Par raison de symétrie avec les autres pays, il faut cependant un chef d’Etat. Bien que ce soit fâcheux, car superflu, on ne peut l’éviter. La solution est originale. Chacun des sept conseillers fédéraux le simule durant l’espace d’une année, à tour de rôle et par ordre d’ancienneté. Durant ces douze mois, le pouvoir n’a pas le temps de lui monter à la tête. A rebours de tout pays normal, ce président ou cette présidente n’habite pas un palais de fonction, mais un modeste appartement. Il n’a pas non plus le temps d’établir ces relations de proximité, quasiment conviviales, avec d’autres chefs d’Etat, si utiles pour dénouer des crises.

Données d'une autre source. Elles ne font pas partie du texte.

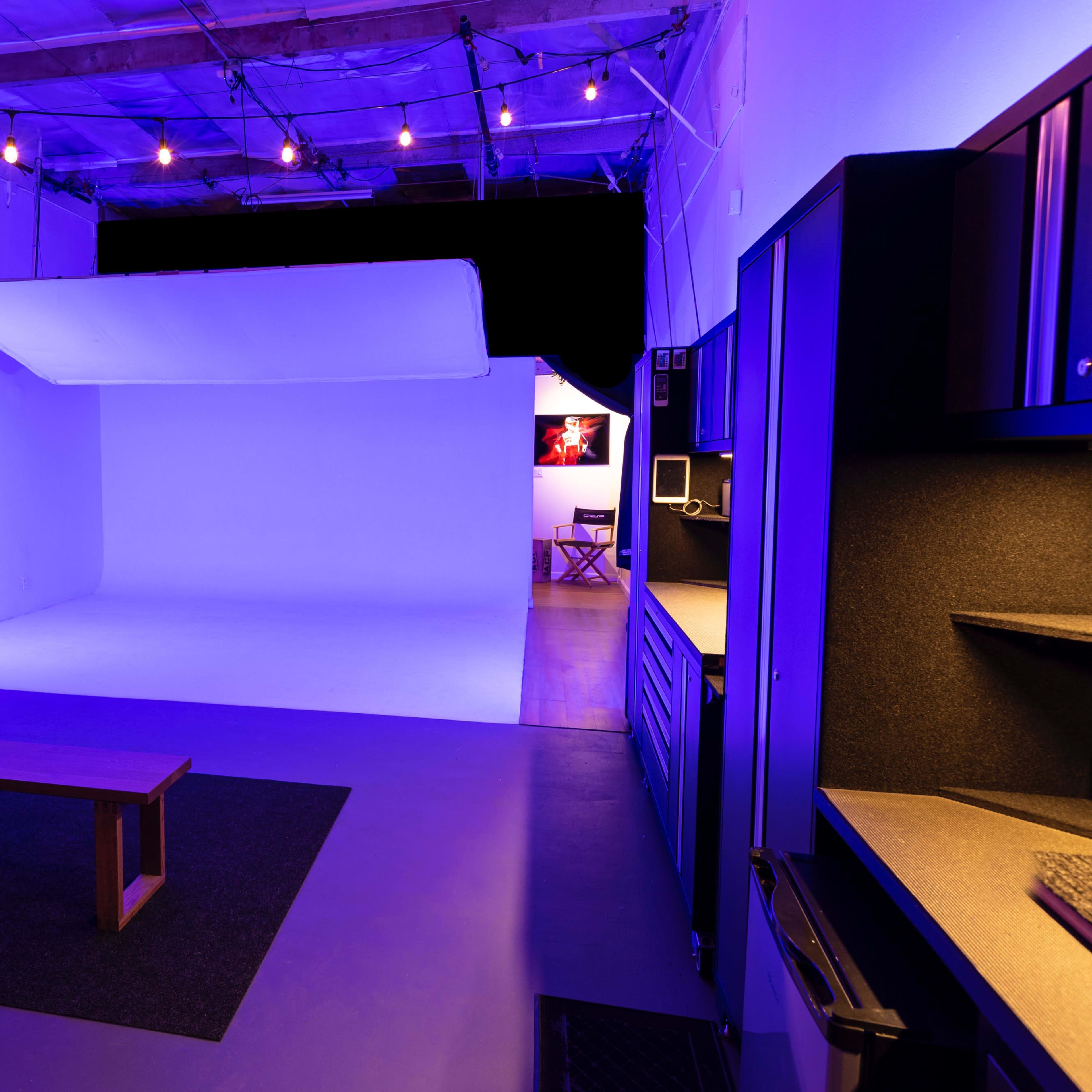 A lit studio space featuring a seamless white backdrop, a wooden bench, and a kitchenette area with overhead lights.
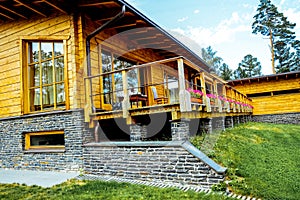 Facade of a beautiful wooden house with green garden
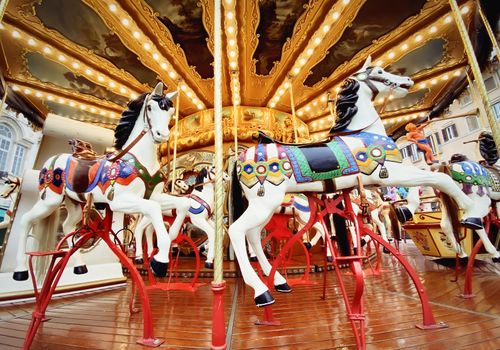 white painted horses in a carousel decorated with lights and gold. Street party and fun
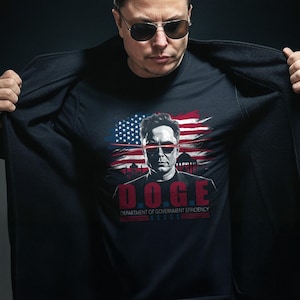 May include: A black t-shirt with a graphic of Elon Musk with a red, white, and blue American flag behind him. The text "D.O.G.E. DEPARTMENT OF GOVERNMENT EFFICIENCY" is printed below the graphic.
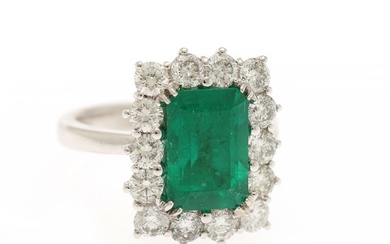 An emerald and diamond ring set with an emerald-cut emerald encircled by numerous brilliant-cut diamonds, mounted in 18k white gold. Size 55.5.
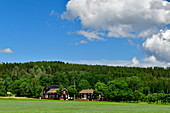 Large farm with red houses by the forest, near Leksand, Dalarna province, Sweden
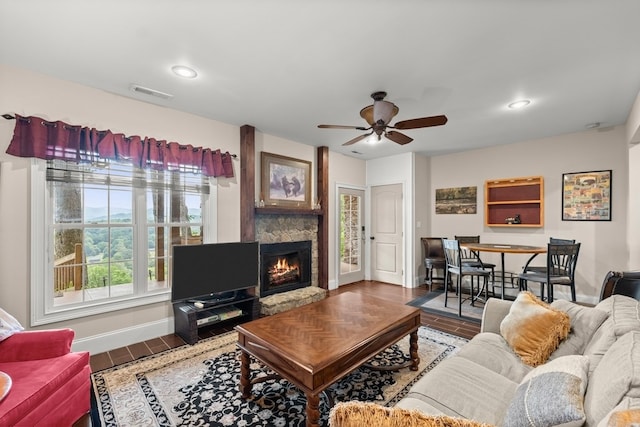 living room with hardwood / wood-style flooring, ceiling fan, and a stone fireplace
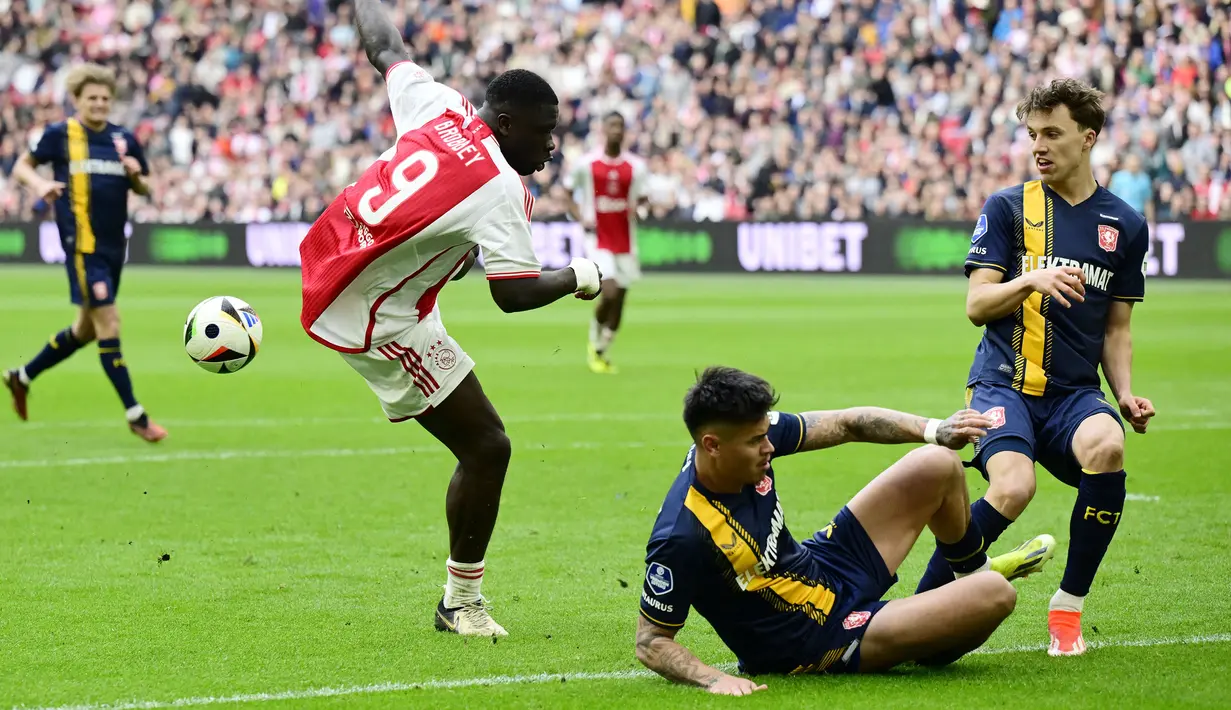 Pemain Twente, Mees Hilgers (tengah kanan) menghalau bola tendangan pemain Ajax Amsterdam, Brian Brobbey pada laga lanjutan Liga Belanda 2023/2024 di Johan Cruijff ArenA, Amsterdam, Belanda 14 April 2024. (AFP/ANP/Olaf Kraak)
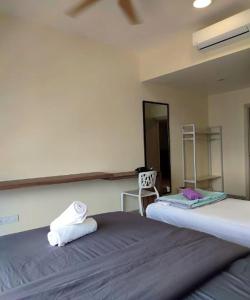 a bedroom with two beds and a chair in it at Mid Vally Southkey JB, 2BR, WIFI, 7 mins to CIQ in Johor Bahru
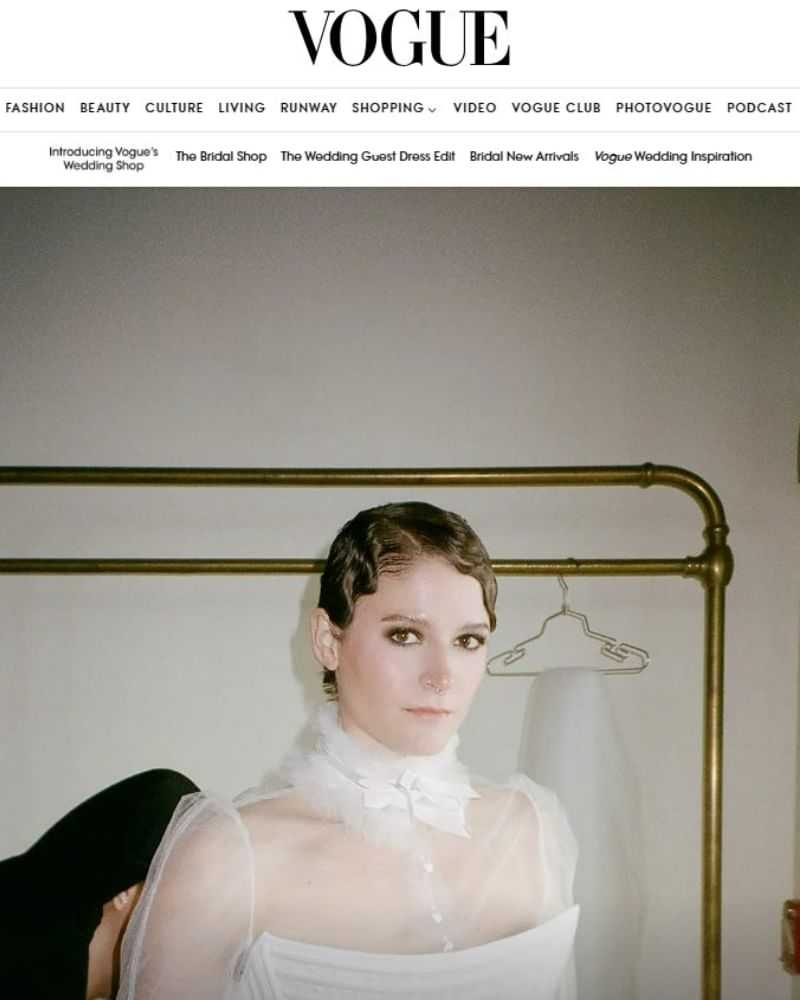 Woman in elegant white dress with wavy hair, standing in a softly lit room.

La Suisse est un grand corps sans tête. Il n’y a pas de pilote dans l’avion : non seulement personne ne tient les gouvernes, mais il n’y a même pas de siège prévu. Ce n’est pas nécessaire car il n’y a ni moteur, ni gouvernes. Il s’agit d’une sorte de drone plutôt que d’un avion. Il est piloté par des personnes invisibles. Il ne doit ni décoller, ni atterrir mais voguer dans l’espace au hasard. Or, il ne s’écrase jamais. Cela marche mieux que n’importe quel gouvernement centralisé, muni d’un chef, d’un programme et d’une majorité. Quand personne ne commande, tout le monde obéit. Comme dans une ruche chacun sait qu’il doit s’affairer et que personne ne le remplacera s’il ne fait pas son travail. C’est pareil dans l’évolution biologique : il n’y a pas de pouvoir organisateur. C’est pour cela que cela marche. Il ne faut surtout toucher à rien.